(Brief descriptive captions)
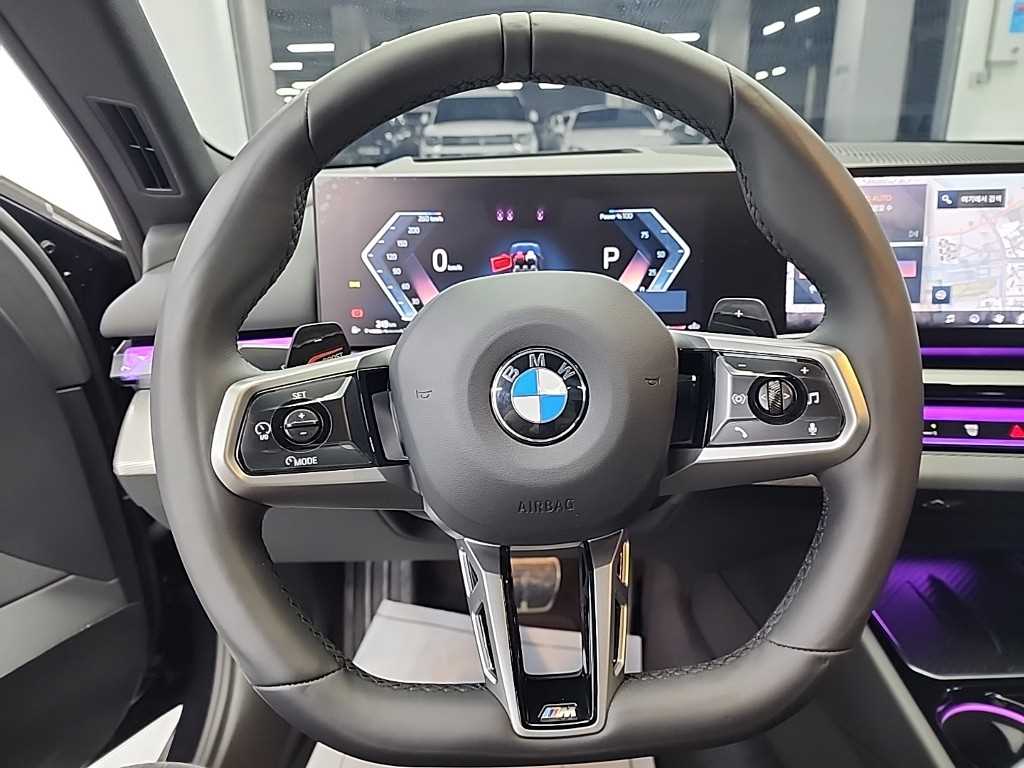 BMW 5시리즈(8세대) 520i M 스포츠 프로 스페셜 에디션 - 이미지 3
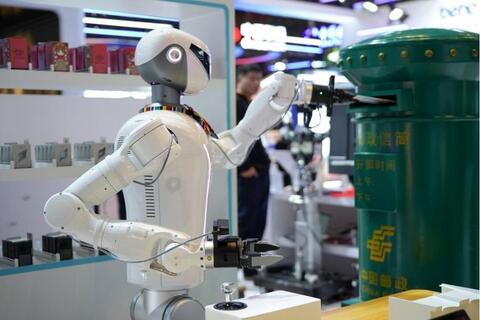 Trung Quốc mở trường dạy nghề cho robot hình người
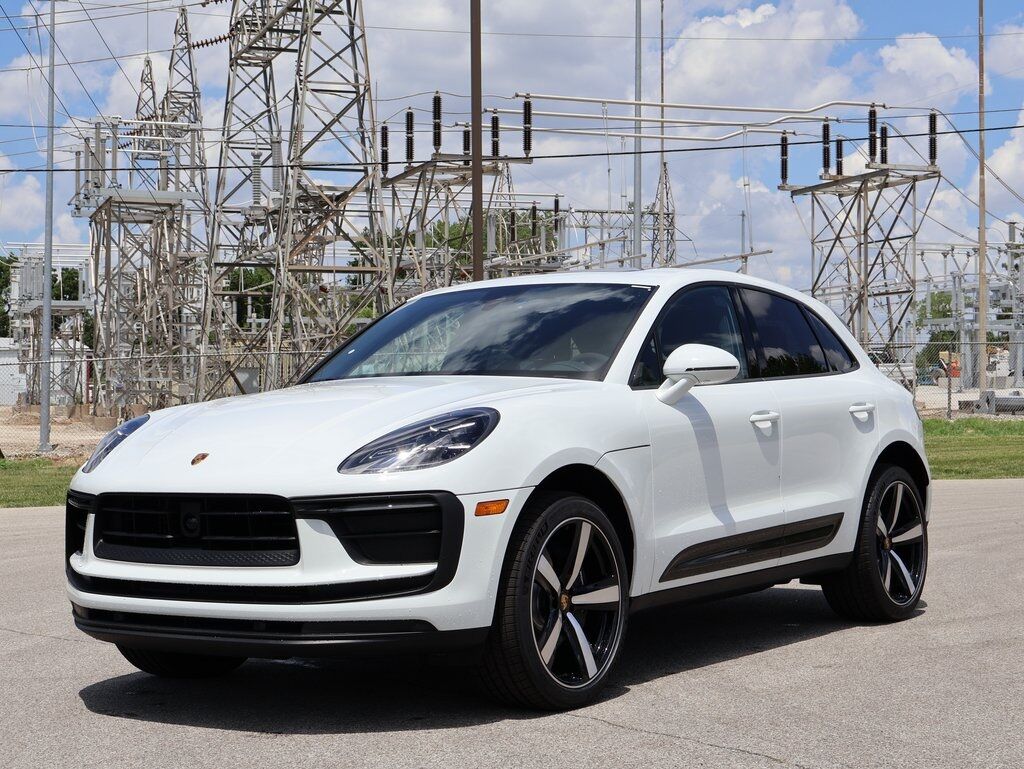 2025 Porsche Macan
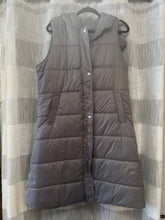 Load image into Gallery viewer, Hooded Long Quilted Vest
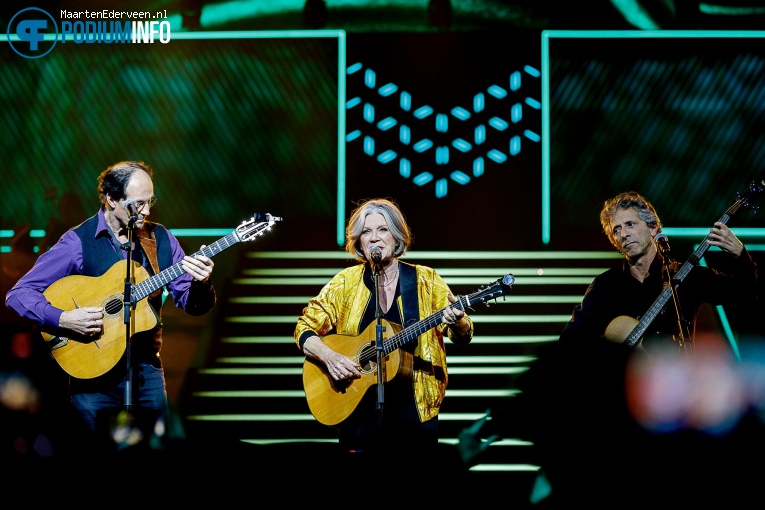 Lenny Kuhr op Het Grote Songfestivalfeest - 17/11 - Ziggo Dome foto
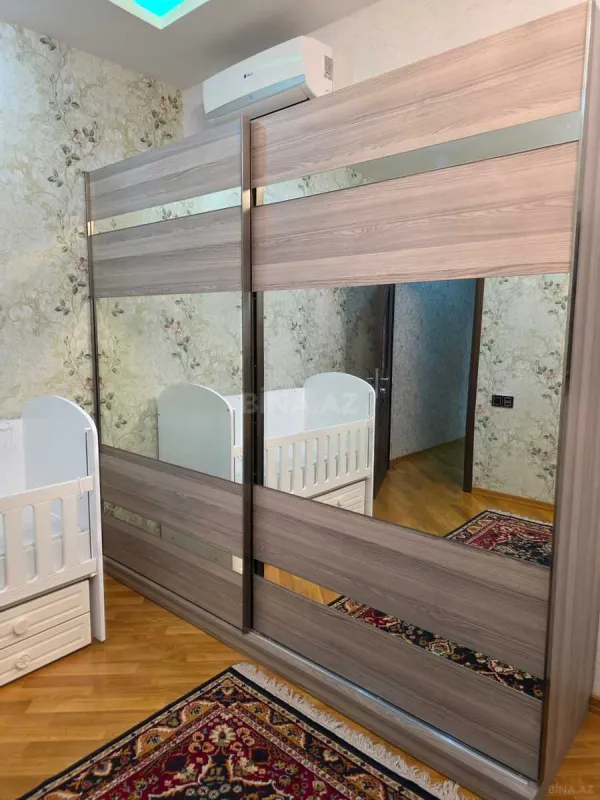 Kirayə verilir 3 otaqlı mənzil 100 m²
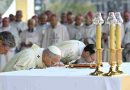 El papa celebró una misa multitudinaria en París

_YOUR GOAL_
The records above, minus their pictures, are to be returned word for word.

_EXERCISE RESULT_
 BMW 5시리즈(8세대) 520i M 스포츠 프로 스페셜 에디션 - 이미지 3
 Trung Quốc mở trường dạy nghề cho robot hình người
 2025 Porsche Macan
 Load image into Gallery viewer, Hooded Long Quilted Vest
 Lenny Kuhr op Het Grote Songfestivalfeest - 17/11 - Ziggo Dome foto
 Kirayə verilir 3 otaqlı mənzil 100 m²
 El papa celebró una misa multitudinaria en París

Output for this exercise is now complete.